START Dataset extract
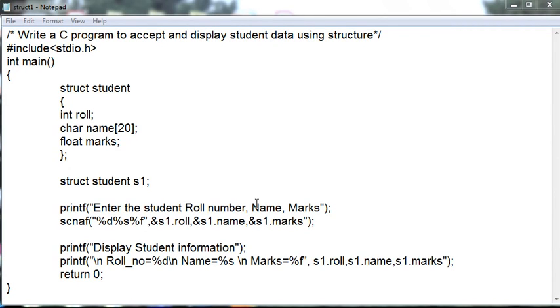Hello everyone, I am assistant professor Sunal Evri, here to introduce you how to write a C program to accept and display data using structure.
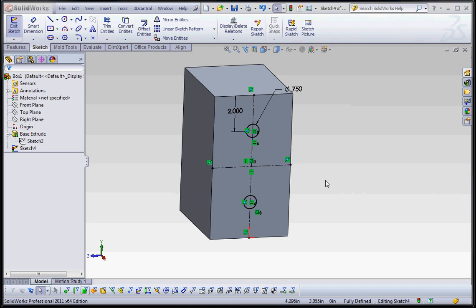Because our sketch is active here, we can go ahead and do something with it. And that something we're going to do is put a hole through our block. Two holes, actually, because we have two circles selected.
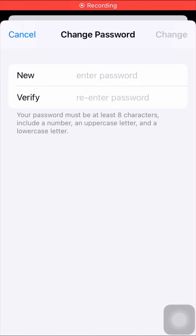Hi guys, welcome back to my YouTube channel and welcome back to my new video. This is very informative and interesting for you. In this video I'm going to show you how to fix the 'choose your different password' error.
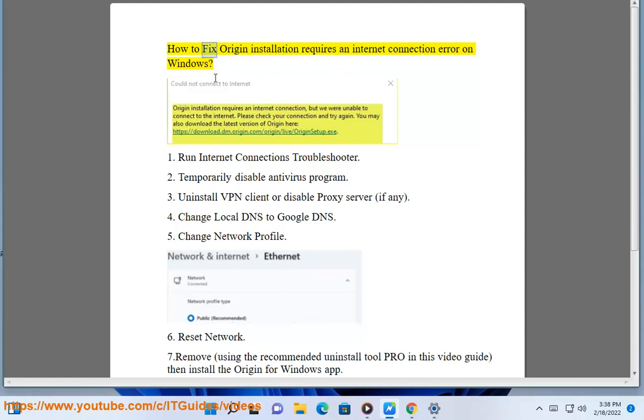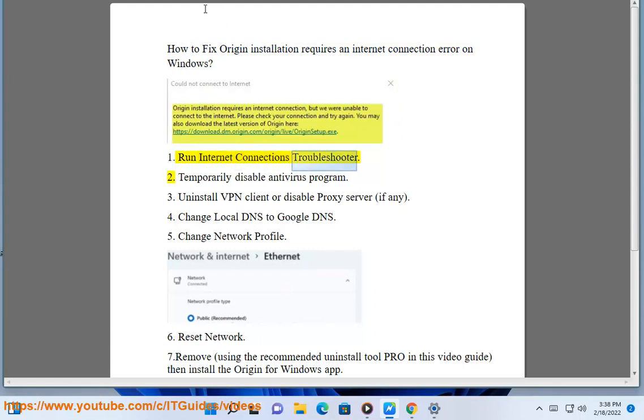How to fix Origin installation requires an internet connection error on Windows. Step 1: Run the internet connections troubleshooter.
END Dataset extract
Activity:
For this exercise, return the data above exactly and leave every picture out.

Solution to this task:
Hello everyone, I am assistant professor Sunal Evri, here to introduce you how to write a C program to accept and display data using structure.
Because our sketch is active here, we can go ahead and do something with it. And that something we're going to do is put a hole through our block. Two holes, actually, because we have two circles selected.
Hi guys, welcome back to my YouTube channel and welcome back to my new video. This is very informative and interesting for you. In this video I'm going to show you how to fix the 'choose your different password' error.
How to fix Origin installation requires an internet connection error on Windows. Step 1: Run the internet connections troubleshooter.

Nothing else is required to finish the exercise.